Dataset items:
--------
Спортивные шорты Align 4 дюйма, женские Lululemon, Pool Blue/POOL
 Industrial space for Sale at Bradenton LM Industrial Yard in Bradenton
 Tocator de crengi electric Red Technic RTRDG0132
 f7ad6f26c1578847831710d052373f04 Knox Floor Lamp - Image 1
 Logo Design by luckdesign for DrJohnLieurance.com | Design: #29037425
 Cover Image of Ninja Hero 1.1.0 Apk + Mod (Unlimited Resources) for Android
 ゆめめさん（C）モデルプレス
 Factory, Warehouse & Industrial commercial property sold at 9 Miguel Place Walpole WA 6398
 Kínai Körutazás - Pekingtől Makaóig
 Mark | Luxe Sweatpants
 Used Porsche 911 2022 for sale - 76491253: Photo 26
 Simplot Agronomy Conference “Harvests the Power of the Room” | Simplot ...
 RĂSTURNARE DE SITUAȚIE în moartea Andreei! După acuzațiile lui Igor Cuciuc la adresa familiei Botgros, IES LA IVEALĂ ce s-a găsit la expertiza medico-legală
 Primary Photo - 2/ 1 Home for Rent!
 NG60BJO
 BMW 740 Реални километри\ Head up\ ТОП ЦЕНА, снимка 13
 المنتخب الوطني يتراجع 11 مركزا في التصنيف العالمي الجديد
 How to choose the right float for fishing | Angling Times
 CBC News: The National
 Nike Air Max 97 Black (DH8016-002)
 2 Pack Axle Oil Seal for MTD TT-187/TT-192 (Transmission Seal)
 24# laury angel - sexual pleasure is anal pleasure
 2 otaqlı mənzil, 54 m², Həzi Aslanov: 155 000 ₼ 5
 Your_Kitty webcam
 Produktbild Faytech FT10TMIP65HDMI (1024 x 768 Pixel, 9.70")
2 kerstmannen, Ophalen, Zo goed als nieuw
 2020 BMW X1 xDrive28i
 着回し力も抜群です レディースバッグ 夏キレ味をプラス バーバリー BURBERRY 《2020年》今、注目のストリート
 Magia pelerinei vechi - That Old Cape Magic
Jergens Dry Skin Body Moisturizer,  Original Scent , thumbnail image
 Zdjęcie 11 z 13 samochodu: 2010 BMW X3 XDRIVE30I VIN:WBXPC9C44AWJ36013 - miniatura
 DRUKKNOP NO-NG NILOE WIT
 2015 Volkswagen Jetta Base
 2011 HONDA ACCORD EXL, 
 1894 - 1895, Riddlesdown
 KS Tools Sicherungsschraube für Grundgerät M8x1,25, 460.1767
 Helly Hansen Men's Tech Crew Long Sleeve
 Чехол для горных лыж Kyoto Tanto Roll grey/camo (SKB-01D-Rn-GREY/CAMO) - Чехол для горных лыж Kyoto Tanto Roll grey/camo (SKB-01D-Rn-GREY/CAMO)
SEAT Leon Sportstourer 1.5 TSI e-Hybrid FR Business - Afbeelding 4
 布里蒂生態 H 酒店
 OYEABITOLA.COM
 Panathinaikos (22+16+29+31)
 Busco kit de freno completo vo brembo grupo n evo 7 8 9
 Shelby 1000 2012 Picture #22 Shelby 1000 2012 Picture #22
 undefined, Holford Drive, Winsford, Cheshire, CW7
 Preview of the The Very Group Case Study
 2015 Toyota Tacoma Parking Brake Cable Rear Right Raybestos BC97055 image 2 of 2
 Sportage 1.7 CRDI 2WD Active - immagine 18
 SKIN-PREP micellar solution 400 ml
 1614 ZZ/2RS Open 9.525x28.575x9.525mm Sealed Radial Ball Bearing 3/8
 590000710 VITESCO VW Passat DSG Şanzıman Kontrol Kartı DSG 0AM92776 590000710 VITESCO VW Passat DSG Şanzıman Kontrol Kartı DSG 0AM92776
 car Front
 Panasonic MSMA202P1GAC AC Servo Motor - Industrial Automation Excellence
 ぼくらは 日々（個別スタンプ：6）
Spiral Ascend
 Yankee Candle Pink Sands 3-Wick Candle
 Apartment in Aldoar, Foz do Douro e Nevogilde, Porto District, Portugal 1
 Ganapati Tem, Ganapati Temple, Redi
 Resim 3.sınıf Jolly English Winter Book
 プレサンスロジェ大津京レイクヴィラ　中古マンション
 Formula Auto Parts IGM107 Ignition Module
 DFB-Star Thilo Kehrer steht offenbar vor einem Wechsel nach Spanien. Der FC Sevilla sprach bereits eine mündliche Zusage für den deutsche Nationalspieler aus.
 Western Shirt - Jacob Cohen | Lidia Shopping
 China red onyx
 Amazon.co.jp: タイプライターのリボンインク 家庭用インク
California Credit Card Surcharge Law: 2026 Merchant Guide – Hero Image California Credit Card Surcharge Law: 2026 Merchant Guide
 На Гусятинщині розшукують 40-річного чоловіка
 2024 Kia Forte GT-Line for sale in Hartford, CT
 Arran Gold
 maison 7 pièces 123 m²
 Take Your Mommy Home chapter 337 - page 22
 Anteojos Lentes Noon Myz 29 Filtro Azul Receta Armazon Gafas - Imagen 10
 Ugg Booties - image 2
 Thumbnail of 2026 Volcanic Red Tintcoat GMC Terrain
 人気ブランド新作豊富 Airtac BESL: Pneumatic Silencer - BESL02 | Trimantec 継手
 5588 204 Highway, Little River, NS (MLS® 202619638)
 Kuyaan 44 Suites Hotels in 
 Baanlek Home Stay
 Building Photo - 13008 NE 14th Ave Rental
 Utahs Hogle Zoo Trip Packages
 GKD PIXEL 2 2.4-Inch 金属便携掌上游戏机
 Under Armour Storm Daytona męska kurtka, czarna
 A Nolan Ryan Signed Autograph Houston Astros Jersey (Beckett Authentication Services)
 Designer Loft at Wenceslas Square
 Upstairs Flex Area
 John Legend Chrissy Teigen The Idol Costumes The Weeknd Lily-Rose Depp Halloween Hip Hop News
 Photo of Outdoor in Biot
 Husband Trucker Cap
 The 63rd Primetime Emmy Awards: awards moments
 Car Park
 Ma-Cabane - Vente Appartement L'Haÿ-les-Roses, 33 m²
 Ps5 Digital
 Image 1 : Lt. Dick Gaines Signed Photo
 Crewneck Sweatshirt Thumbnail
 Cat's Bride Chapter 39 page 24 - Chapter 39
--------
What is being asked: From the very first line of the data through the line with "24# laury angel" in it, please reproduce each line exactly and output nothing more.

Result below:
Спортивные шорты Align 4 дюйма, женские Lululemon, Pool Blue/POOL
 Industrial space for Sale at Bradenton LM Industrial Yard in Bradenton
 Tocator de crengi electric Red Technic RTRDG0132
 f7ad6f26c1578847831710d052373f04 Knox Floor Lamp - Image 1
 Logo Design by luckdesign for DrJohnLieurance.com | Design: #29037425
 Cover Image of Ninja Hero 1.1.0 Apk + Mod (Unlimited Resources) for Android
 ゆめめさん（C）モデルプレス
 Factory, Warehouse & Industrial commercial property sold at 9 Miguel Place Walpole WA 6398
 Kínai Körutazás - Pekingtől Makaóig
 Mark | Luxe Sweatpants
 Used Porsche 911 2022 for sale - 76491253: Photo 26
 Simplot Agronomy Conference “Harvests the Power of the Room” | Simplot ...
 RĂSTURNARE DE SITUAȚIE în moartea Andreei! După acuzațiile lui Igor Cuciuc la adresa familiei Botgros, IES LA IVEALĂ ce s-a găsit la expertiza medico-legală
 Primary Photo - 2/ 1 Home for Rent!
 NG60BJO
 BMW 740 Реални километри\ Head up\ ТОП ЦЕНА, снимка 13
 المنتخب الوطني يتراجع 11 مركزا في التصنيف العالمي الجديد
 How to choose the right float for fishing | Angling Times
 CBC News: The National
 Nike Air Max 97 Black (DH8016-002)
 2 Pack Axle Oil Seal for MTD TT-187/TT-192 (Transmission Seal)
 24# laury angel - sexual pleasure is anal pleasure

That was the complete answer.